Murphy, who is about to graduate from Waubonsie, now hopes to enroll in an art school in Colorado to continue to pursue his passion. But the journey and the teacher who inspired it will forever be emblazoned on Naperville’s facade. (Photos: Murals showcase student artwork)

Murphy is one of several dozen high school students leaving a mark on the city in the form of way-finding murals in the Van Buren parking garage. His contribution to the project is a painting of his hand drawing himself painting Steward.

The artistic endeavor is one of the latest Century Walk public art projects and includes students from Waubonsie Valley, Neuqua Valley, Metea Valley, Naperville North and Naperville Central high schools who were led by professional artist Timm Etters.

The students as well as leaders from Century Walk and partner KidsMatter are now celebrating the completion of Waubonsie and Naperville North murals, which take up the third and fourth-floor stairwells respectively. There will be a ceremony at 1 p.m. Sunday beginning on the third floor of the garage to recognize their work.

“This is not only a wonderful way for people to remember where they parked their cars obviously, but more importantly it is a community bulletin board that says Naperville values the contributions of its young people,” said IdaLynn Wenhold, executive director of KidsMatter. “This way-finding system will provide a way for young people to make a lasting contribution for generations to come.”

Each of the schools took over a floor of the garage, and each created artwork that embodies one of the KidsMatter developmental assets such as commitment to learning, positive values, social competencies, positive identity and constructive use of time.

Waubonsie students chose empowerment, while North chose positive identity. Last year Central students completed a mural based on constructive use of time. Neuqua and Metea students are due to work on their own murals next summer, pending funding.

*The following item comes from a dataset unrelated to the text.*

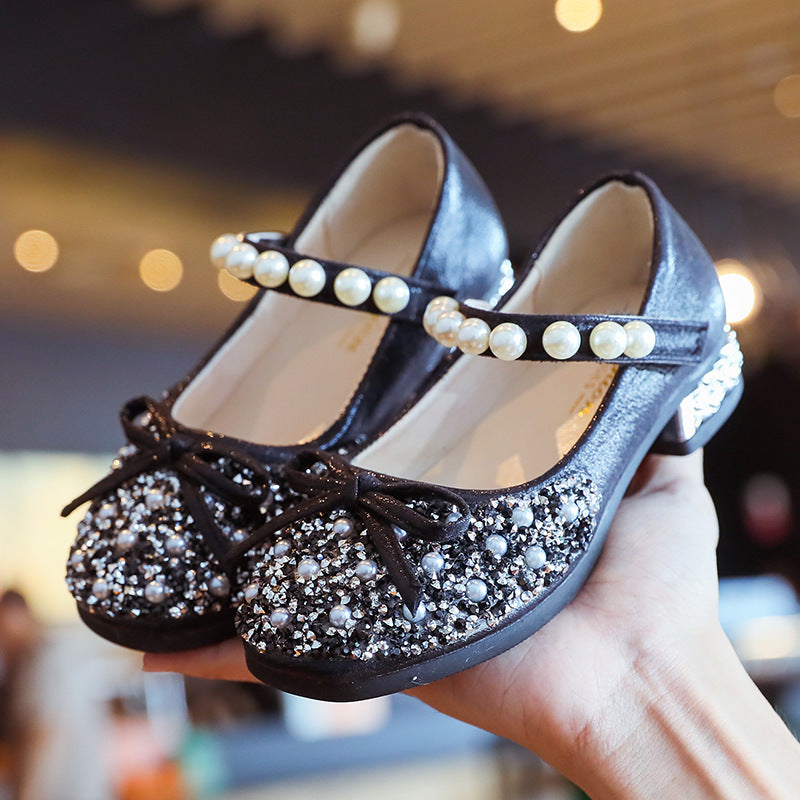 Leather Shoes Soft Sole Princess Shoes GlamzLife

Etters, who has created dozens of murals in Naperville, said he enjoyed working with students, who came into the project with a range of talent.

“They bring so much to a project whether it’s their sense of humor of their stories or their energy, their talent or all of the above,” he said. “It’s just really fun. We have a good time here.”

The Van Buren garage artwork is considered Century Walk’s 37th piece, according to President W. Brand Bobosky. However, the group already has its 41st piece in progress, a mural on the downtown Gap store called “Naperville Loves a Parade.”

Most Century Walk projects have been funded through Special Events and Cultural Amenities grants from the city. Bobosky estimated the Van Buren mural project costs just under $30,000 per floor.

Waubonsie junior Kayla Scott said she enjoyed being involved in the project. Following the theme of empowerment, she thought of her service work with the school Key Club and focused her portion of the mural on community groups like Loaves and Fishes and the Naperville Humane Society.

Scott said the work improved her artistic abilities and gave her a chance to get to know classmates better.

“I’m hoping people will overall see that it’s high school students trying to work together,” she said.